# Spadefish?



## DS422 (Apr 28, 2004)

Any of the headboats going after spadefish?

Darryl


----------



## HighCap56 (Oct 21, 2003)

DS422 said:


> Any of the headboats going after spadefish?
> 
> Darryl


This post is old, but to answer... NO. For most it is a three hour run to the Chesapeake Light Tower.

You can do it as a charter on one, but not a normal trip.

I am answering only for VA Beach and Norfolk areas. 

- Bob -


----------



## rattler (Jul 3, 2004)

*ds422*

the headboats go mostly for #'s of fish, not a type of fish...so croaker and spot are the targets..call the night before you go(and this might not help) and ask where they are going...hrbt. cbbt, little crk, ov, etc...no guarentee that is where you will end up(happened to me  )..i was pi$$ed off, but what could i do?  ...good luck....we did get lots of croaker as ther were 8 family members that went...i think we ended up with 63...of coarse i was the only that was "really good" at cleaning fish


----------



## HighCap56 (Oct 21, 2003)

*Targeting Species*

I think it really depends on the boat and the captain.

You know I support the Sally T, and it is for that very reason. 

While they do try to target the fish you can do the best on within the time alloted, They do however, LOVE to catch Flounder and you will find them the majority species targeted (at least on Sally T).

I have seen a lot of great flounder come off that boat this summer. (See the website photos!)

Some times the reason Captains deviate from what they may have told you on the phone may have to do with weather, changing areas to not make you turn green.

If you have only a 4 hour window to fish in, you cannot get out far enough to get a decent shot at any offshore fish, before you have to turn around and come back. Ask the guys that went on the Spade Trip. We really needed two more hours to maximize that trip.

There is talk of a 100 FT Head Boat for Winter Striper fishing and Ocean trips for $100 a head to bag the bigguns!
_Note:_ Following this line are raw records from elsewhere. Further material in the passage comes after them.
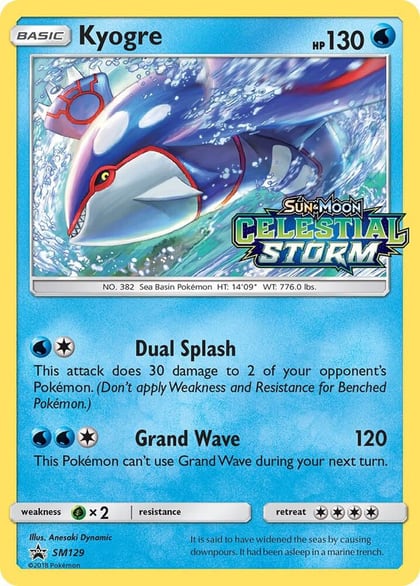 Kyogre - SM129 (Prerelease), SM Promos SM129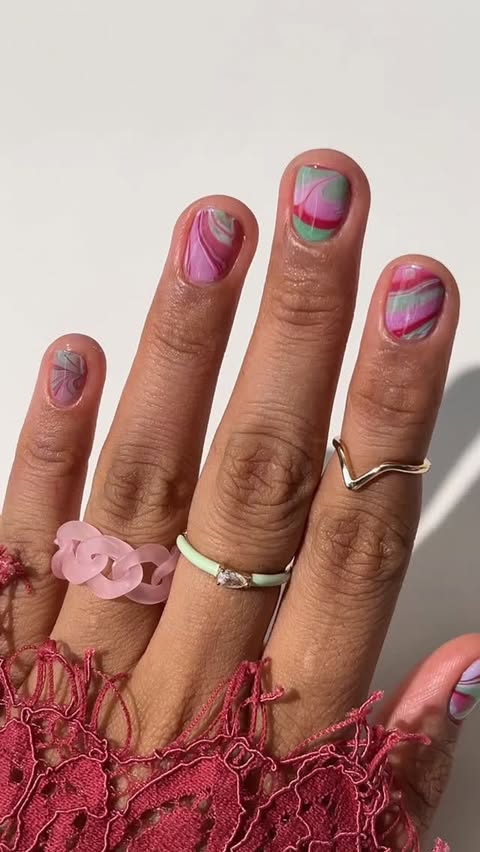 Instagram post by @nonnailartist for Chillhouse. Caption reads: Room temp water + drops of regular polish +....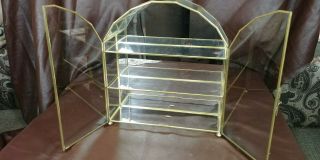 Vintage Franklin Glass & Brass Mirror Back Curio Wall Cabinet Display Case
Full days on this one.

I'll let you know when it becomes a fact.

Regards - Bob


----------



## HighCap56 (Oct 21, 2003)

You know, too many times I open my mouth with not all of the facts.

I have talked to a couple of Captains since this post and they told me that if they heard of Spades running closer in the bay (like the Seagull area) that they would certainly make the effort to get in the area to try for them.

It is the fact that the most consistent schools are circling that tower and the distance involved is what keeps most boats closer in.

Bob


----------